### Extracted information:
++++++++
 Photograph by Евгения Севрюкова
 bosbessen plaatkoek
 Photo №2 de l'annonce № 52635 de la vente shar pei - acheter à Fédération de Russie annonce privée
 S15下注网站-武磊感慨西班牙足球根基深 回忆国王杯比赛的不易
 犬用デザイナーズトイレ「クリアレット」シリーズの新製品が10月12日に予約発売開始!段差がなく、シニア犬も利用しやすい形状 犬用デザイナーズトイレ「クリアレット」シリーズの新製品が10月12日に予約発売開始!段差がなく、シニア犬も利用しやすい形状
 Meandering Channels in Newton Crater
++++++++
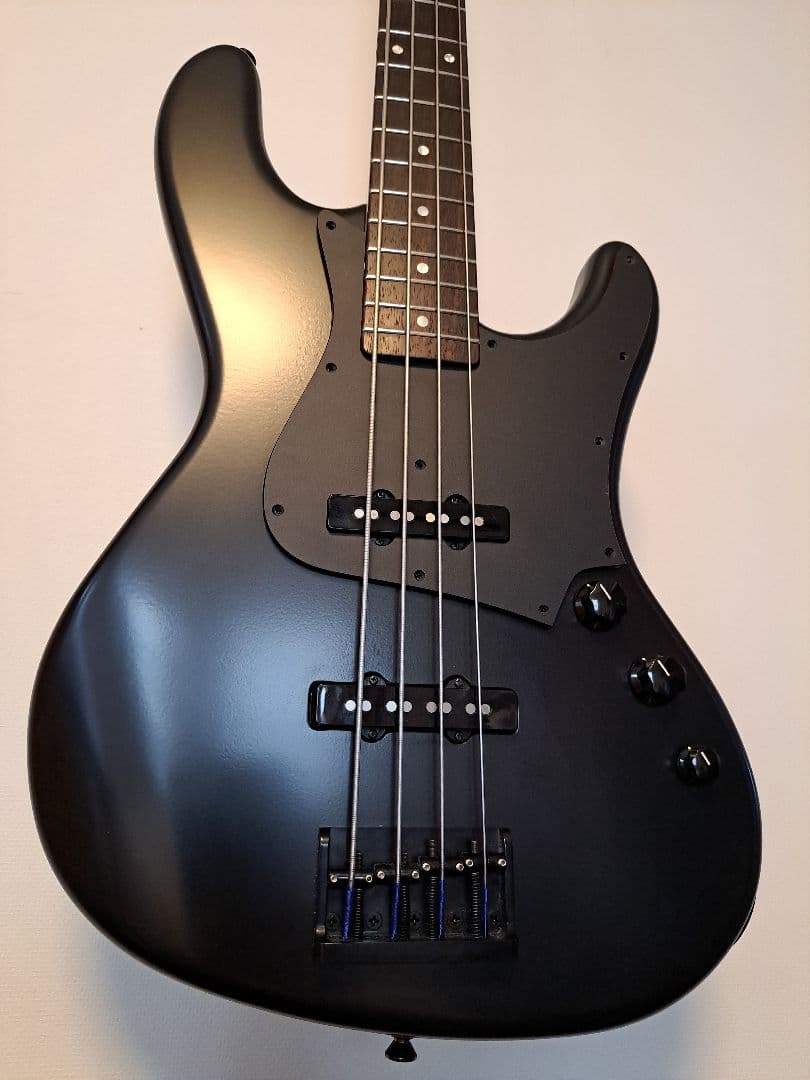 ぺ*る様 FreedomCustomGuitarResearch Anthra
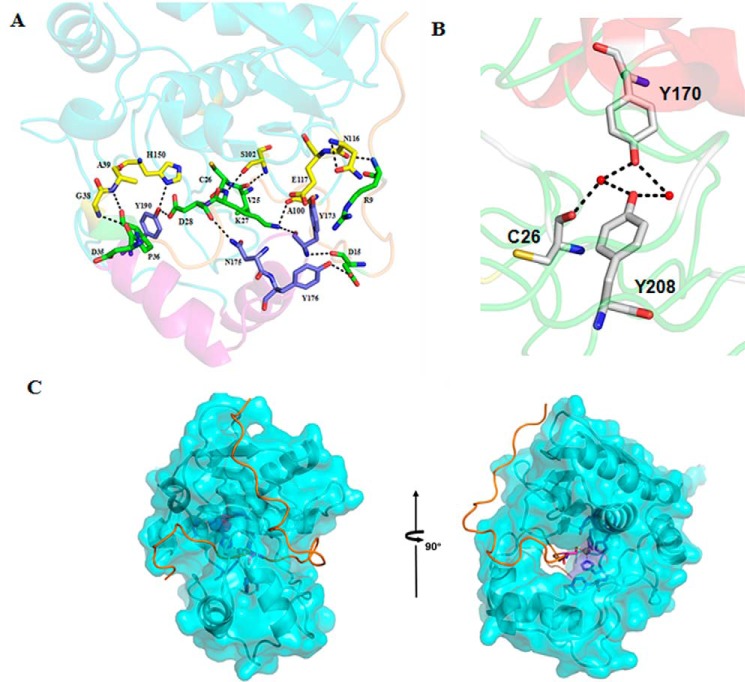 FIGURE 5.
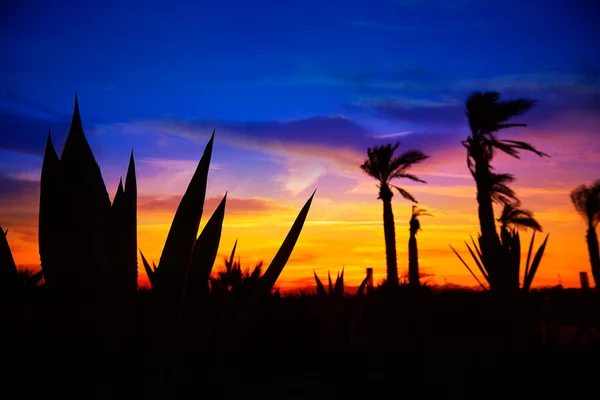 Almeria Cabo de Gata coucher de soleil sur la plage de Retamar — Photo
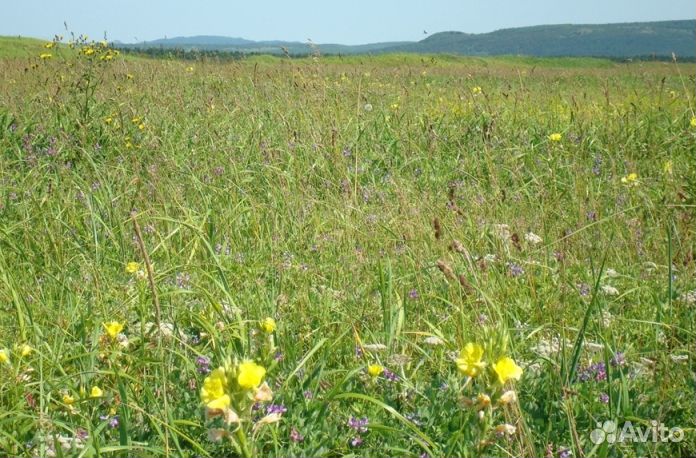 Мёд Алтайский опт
++++++++
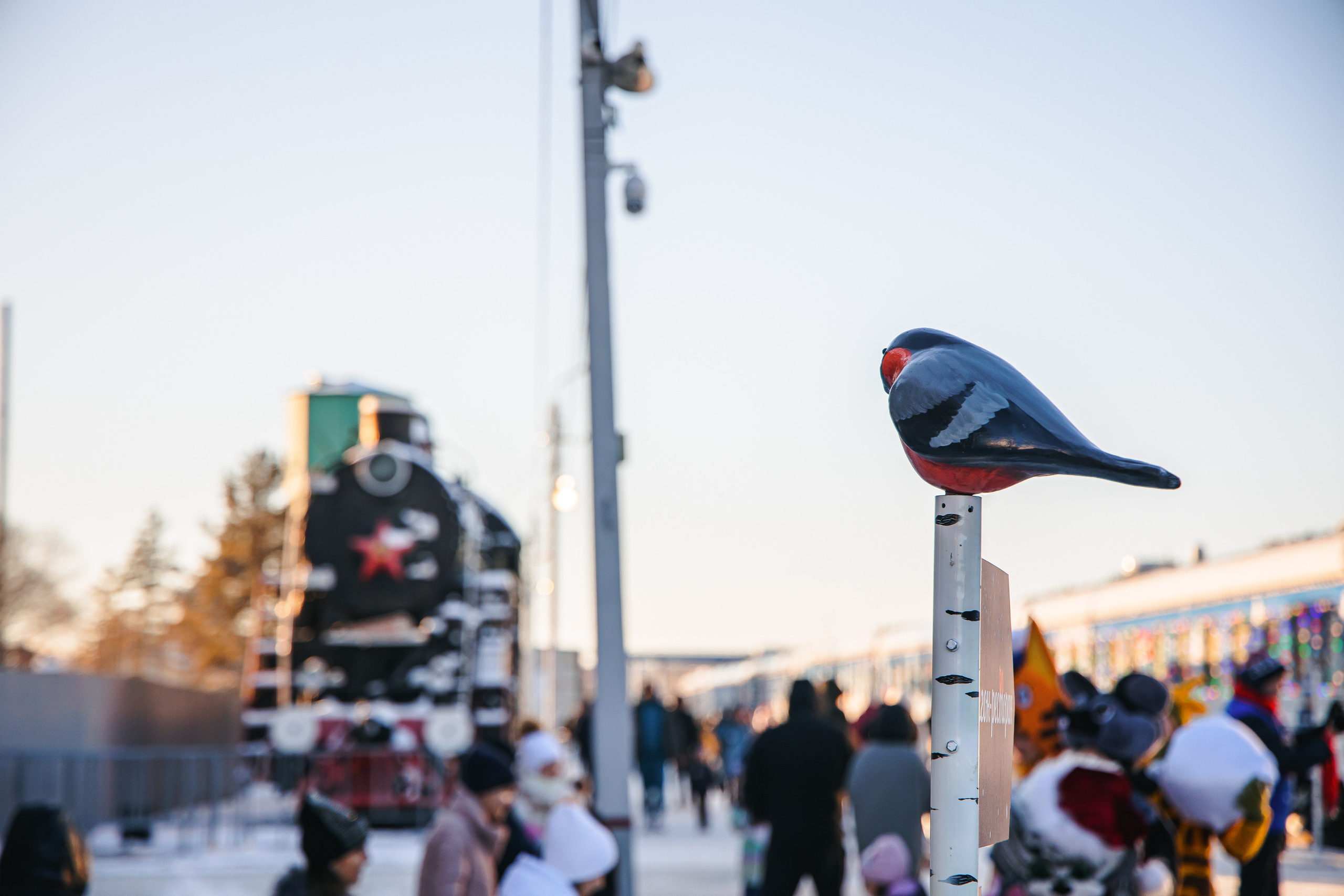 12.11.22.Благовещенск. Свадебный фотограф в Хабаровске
++++++++
### Prompt:
Return, word for word, the lines of the data above from the line with "Photograph by Евгения Севрюкова" through the line with "Meandering Channels in Newton Crater", inclusive.

### Task output:
 Photograph by Евгения Севрюкова
 bosbessen plaatkoek
 Photo №2 de l'annonce № 52635 de la vente shar pei - acheter à Fédération de Russie annonce privée
 S15下注网站-武磊感慨西班牙足球根基深 回忆国王杯比赛的不易
 犬用デザイナーズトイレ「クリアレット」シリーズの新製品が10月12日に予約発売開始!段差がなく、シニア犬も利用しやすい形状 犬用デザイナーズトイレ「クリアレット」シリーズの新製品が10月12日に予約発売開始!段差がなく、シニア犬も利用しやすい形状
 Meandering Channels in Newton Crater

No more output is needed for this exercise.